**WHAT THE EXERCISE ASKS:** After locating the line with "Rasta-Flagge-Handyhülle. Telefon rechts" in the data that follows, return it and every later line exactly, up to and including the line with "Elegant Gold Chain".

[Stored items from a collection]
###
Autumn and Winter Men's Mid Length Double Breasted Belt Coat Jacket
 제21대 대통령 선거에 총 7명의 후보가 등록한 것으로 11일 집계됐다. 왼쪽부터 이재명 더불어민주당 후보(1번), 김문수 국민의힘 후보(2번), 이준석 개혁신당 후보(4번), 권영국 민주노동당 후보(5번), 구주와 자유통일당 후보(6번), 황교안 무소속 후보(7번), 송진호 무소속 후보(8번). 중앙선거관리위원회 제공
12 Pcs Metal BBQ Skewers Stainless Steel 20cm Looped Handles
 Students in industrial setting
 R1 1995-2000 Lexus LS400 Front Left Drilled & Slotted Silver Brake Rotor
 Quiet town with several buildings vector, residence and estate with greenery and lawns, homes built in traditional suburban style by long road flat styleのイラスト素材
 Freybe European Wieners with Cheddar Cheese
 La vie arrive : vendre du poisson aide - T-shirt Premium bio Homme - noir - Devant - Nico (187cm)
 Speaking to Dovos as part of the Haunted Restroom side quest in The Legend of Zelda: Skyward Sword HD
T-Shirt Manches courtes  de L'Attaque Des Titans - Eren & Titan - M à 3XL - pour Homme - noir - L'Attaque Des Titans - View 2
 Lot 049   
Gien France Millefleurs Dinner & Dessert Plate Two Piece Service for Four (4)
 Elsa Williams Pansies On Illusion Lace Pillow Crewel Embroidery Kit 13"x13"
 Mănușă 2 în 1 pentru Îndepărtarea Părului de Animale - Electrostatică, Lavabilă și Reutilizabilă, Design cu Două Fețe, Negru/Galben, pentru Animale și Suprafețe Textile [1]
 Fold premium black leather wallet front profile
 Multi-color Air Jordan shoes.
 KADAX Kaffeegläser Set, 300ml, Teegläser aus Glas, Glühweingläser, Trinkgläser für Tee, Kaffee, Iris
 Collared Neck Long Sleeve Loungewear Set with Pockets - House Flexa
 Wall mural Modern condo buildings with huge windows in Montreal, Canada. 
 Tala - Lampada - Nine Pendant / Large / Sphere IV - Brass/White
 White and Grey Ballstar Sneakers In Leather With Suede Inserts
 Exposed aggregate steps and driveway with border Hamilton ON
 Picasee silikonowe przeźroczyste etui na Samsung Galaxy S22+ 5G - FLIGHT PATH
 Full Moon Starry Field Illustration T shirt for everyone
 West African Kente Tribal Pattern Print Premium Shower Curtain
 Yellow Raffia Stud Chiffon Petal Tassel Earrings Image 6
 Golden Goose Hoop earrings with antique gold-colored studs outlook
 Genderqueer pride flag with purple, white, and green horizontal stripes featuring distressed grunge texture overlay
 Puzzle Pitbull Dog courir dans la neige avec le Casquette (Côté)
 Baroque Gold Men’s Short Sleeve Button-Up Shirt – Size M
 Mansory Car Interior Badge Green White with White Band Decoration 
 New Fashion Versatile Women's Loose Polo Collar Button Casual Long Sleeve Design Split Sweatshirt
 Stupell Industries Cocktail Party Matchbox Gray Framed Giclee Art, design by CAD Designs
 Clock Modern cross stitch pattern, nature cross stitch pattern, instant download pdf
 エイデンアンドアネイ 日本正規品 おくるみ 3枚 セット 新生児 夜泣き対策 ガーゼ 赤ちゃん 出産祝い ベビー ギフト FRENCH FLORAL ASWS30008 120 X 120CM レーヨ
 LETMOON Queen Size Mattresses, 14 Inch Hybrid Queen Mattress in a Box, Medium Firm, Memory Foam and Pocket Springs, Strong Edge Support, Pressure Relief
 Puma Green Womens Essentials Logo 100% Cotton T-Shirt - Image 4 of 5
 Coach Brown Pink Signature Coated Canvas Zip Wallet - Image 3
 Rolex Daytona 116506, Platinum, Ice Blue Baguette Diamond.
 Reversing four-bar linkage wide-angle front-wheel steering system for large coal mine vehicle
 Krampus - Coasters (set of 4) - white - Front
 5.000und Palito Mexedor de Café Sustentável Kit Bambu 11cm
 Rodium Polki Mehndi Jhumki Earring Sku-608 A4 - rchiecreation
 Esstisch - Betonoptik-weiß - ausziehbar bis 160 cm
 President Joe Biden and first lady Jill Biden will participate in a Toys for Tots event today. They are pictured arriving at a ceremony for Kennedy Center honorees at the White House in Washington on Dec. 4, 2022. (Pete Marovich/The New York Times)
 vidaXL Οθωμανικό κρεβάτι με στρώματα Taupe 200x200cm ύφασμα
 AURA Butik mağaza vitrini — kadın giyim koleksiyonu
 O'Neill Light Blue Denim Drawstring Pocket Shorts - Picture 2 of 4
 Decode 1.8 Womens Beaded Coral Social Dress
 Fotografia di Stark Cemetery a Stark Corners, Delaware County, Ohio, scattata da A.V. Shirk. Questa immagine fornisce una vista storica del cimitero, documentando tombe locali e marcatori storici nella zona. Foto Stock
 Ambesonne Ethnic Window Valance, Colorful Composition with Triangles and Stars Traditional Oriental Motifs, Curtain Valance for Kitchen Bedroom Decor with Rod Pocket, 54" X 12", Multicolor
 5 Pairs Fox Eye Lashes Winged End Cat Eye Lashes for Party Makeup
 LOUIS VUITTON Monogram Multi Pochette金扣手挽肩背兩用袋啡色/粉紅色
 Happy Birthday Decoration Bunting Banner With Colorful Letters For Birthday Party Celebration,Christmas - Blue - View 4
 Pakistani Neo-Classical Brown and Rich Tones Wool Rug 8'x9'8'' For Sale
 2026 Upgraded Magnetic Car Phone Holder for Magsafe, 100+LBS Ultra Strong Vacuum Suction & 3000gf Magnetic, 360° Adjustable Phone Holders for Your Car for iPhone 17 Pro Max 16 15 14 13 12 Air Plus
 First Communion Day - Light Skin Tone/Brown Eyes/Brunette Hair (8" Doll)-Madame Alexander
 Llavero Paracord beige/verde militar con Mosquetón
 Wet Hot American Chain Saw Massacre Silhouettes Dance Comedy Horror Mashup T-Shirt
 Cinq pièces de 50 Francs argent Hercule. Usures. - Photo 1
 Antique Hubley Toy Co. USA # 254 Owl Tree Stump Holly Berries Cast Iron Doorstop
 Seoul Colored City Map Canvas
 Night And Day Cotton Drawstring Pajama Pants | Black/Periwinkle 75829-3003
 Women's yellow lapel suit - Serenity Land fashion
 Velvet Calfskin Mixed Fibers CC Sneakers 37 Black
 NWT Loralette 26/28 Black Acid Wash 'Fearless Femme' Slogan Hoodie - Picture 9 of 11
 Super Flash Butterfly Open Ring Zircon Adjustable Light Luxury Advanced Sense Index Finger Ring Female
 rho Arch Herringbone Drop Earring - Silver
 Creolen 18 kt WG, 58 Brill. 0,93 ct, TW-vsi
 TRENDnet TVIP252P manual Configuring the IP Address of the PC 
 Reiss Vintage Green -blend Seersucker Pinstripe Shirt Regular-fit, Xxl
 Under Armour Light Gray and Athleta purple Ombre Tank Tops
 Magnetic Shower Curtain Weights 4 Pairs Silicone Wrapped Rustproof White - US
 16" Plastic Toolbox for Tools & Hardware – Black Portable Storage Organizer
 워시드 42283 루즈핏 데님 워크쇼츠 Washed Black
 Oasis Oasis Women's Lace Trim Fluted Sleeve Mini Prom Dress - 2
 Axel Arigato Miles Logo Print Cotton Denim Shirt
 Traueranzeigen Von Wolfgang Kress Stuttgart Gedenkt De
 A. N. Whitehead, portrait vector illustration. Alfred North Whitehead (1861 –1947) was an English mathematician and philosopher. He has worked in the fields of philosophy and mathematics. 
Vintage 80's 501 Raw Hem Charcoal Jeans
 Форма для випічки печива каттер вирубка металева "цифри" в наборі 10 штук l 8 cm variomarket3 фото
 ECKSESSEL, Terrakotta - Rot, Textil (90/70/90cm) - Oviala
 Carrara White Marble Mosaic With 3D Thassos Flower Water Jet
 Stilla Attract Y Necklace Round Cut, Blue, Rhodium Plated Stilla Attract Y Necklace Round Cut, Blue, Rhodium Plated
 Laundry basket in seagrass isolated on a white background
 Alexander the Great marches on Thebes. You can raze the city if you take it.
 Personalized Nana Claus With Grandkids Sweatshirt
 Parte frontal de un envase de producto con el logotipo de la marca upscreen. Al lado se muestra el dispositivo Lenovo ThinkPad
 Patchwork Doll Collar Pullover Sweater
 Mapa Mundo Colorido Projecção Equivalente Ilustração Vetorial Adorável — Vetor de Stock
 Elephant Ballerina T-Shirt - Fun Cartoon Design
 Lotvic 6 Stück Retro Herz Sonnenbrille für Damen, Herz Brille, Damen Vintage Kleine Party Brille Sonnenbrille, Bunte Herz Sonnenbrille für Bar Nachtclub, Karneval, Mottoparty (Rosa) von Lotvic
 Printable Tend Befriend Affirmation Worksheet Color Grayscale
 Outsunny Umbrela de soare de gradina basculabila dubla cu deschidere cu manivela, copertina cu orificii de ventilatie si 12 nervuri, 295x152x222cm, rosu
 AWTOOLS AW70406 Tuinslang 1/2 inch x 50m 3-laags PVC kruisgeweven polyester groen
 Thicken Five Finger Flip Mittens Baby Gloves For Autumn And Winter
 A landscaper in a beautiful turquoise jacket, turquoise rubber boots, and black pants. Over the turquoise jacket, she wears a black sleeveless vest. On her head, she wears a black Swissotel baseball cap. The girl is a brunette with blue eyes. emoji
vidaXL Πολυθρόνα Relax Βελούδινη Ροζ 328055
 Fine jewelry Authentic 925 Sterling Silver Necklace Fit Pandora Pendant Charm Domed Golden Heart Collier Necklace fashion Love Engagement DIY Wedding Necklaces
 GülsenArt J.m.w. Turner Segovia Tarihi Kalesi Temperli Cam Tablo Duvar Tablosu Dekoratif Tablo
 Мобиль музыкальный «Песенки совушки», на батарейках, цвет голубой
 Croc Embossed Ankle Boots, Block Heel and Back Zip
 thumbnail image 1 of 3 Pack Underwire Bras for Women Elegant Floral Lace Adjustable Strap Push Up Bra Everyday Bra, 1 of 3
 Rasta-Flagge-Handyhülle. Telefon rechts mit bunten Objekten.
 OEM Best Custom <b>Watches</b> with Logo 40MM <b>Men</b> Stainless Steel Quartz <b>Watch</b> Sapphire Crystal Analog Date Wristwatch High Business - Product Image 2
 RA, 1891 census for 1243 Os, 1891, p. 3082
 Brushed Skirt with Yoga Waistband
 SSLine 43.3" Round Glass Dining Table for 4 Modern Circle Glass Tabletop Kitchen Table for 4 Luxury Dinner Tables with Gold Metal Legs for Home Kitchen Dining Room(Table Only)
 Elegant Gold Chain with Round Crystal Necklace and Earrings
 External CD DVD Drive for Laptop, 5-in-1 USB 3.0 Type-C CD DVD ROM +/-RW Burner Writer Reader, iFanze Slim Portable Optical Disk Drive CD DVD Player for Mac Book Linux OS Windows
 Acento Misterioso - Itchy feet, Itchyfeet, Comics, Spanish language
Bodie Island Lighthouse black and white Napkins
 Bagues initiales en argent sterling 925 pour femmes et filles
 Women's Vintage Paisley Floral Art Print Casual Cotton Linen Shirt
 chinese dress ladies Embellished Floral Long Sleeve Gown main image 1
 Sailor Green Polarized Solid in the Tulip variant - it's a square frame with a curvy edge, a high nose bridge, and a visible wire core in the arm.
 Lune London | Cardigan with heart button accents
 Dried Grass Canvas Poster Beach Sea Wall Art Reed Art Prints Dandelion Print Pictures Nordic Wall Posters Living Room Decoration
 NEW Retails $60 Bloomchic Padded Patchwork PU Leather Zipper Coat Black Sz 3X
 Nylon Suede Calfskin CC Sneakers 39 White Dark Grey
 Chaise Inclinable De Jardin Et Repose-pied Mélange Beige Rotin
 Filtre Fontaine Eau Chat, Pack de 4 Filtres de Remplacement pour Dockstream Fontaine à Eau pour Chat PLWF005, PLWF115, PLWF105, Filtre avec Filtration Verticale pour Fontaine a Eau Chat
###
**ANSWER AREA:**
 Rasta-Flagge-Handyhülle. Telefon rechts mit bunten Objekten.
 OEM Best Custom <b>Watches</b> with Logo 40MM <b>Men</b> Stainless Steel Quartz <b>Watch</b> Sapphire Crystal Analog Date Wristwatch High Business - Product Image 2
 RA, 1891 census for 1243 Os, 1891, p. 3082
 Brushed Skirt with Yoga Waistband
 SSLine 43.3" Round Glass Dining Table for 4 Modern Circle Glass Tabletop Kitchen Table for 4 Luxury Dinner Tables with Gold Metal Legs for Home Kitchen Dining Room(Table Only)
 Elegant Gold Chain with Round Crystal Necklace and Earrings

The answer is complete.